WORK ITEM: Omit all pictures, and print word for word only the lines from the one containing "Snapshot of literateboy" through the end of the data.

....................

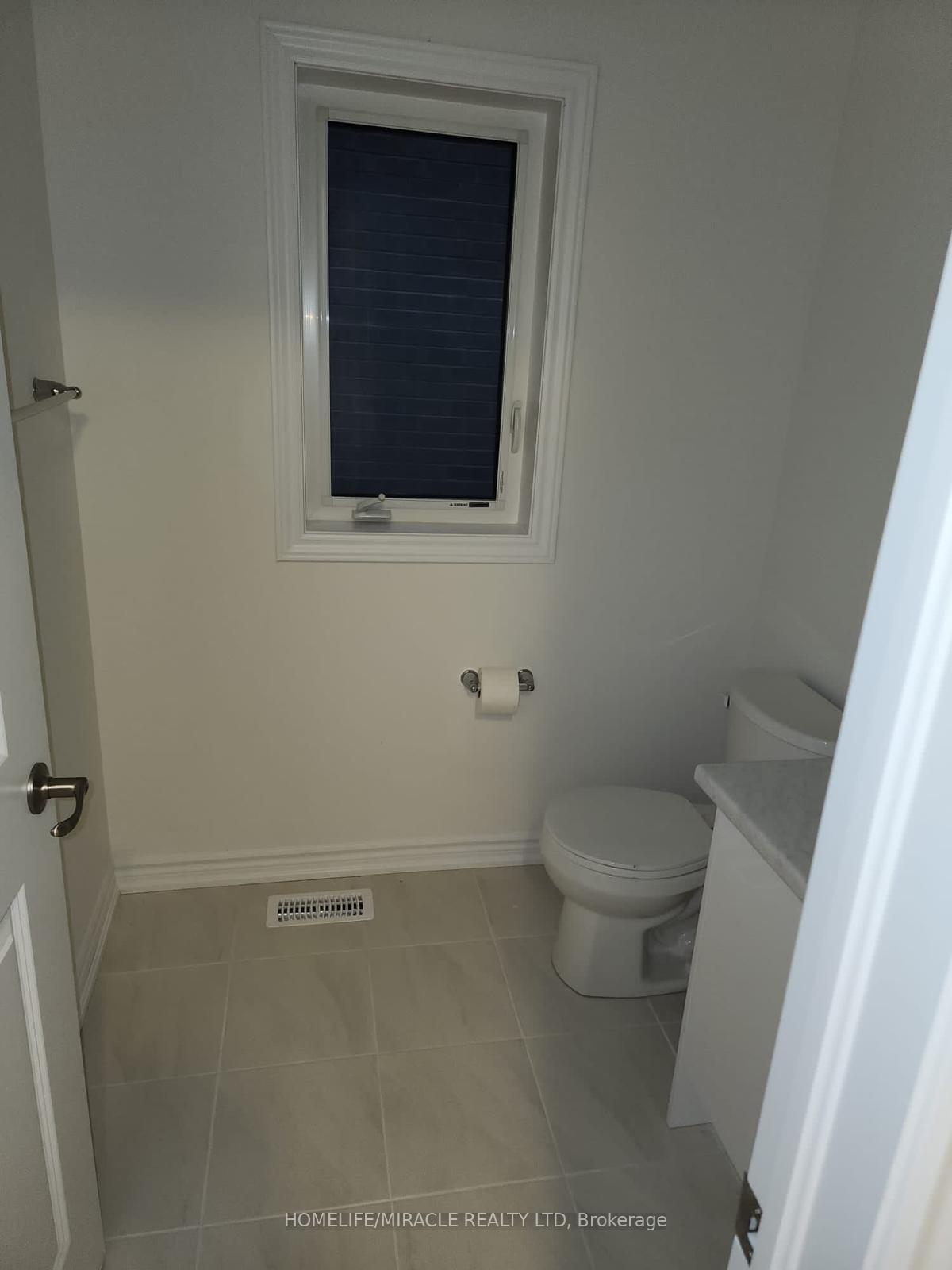 Photo 12 of 35 Jenner Drive, Brant, Paris — HOMEH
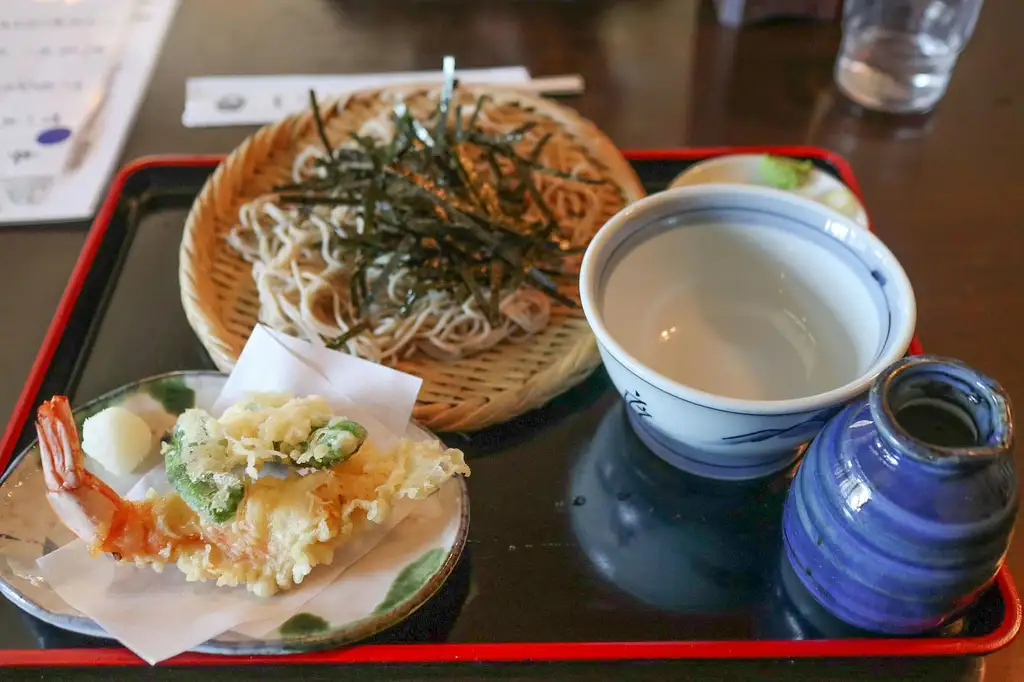 Tokyo and Edo Hidden Gem Bike Tour with Lunch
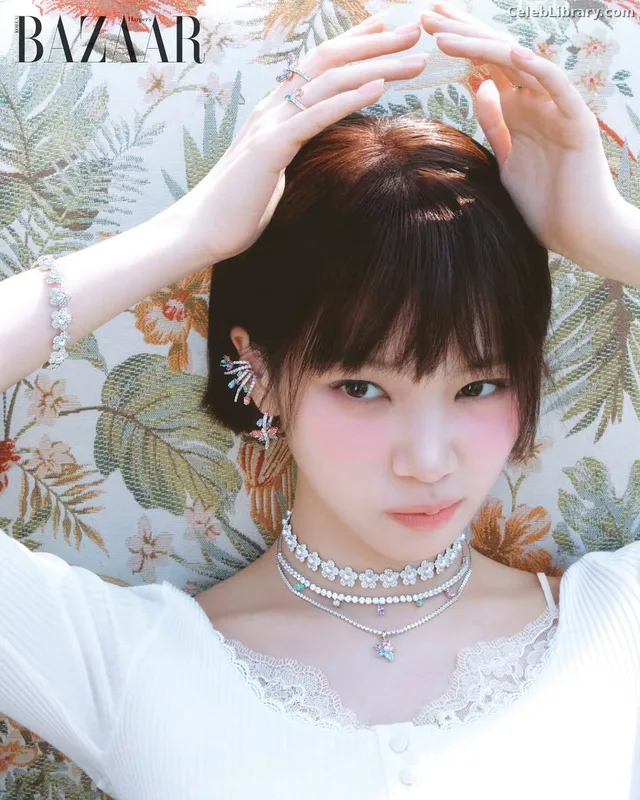 Kim Chaewon 김채원 [Le Sserafim] photo 9 of 2310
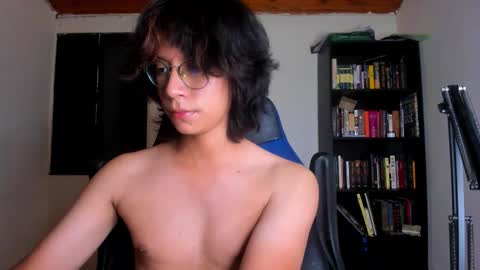 Snapshot of literateboy chatting on March 15, 1:44 am Literateboy online show from March 15, 1:44 am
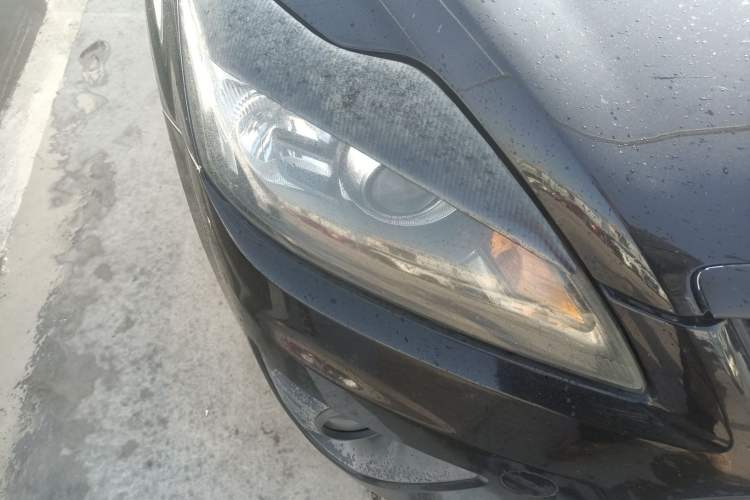 Used Ford Focus 2011 Hatchback 1.8L Automatic Fashion Edition Right Front Headlight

....................

RESULT OF THE TASK:
 Snapshot of literateboy chatting on March 15, 1:44 am Literateboy online show from March 15, 1:44 am
 Used Ford Focus 2011 Hatchback 1.8L Automatic Fashion Edition Right Front Headlight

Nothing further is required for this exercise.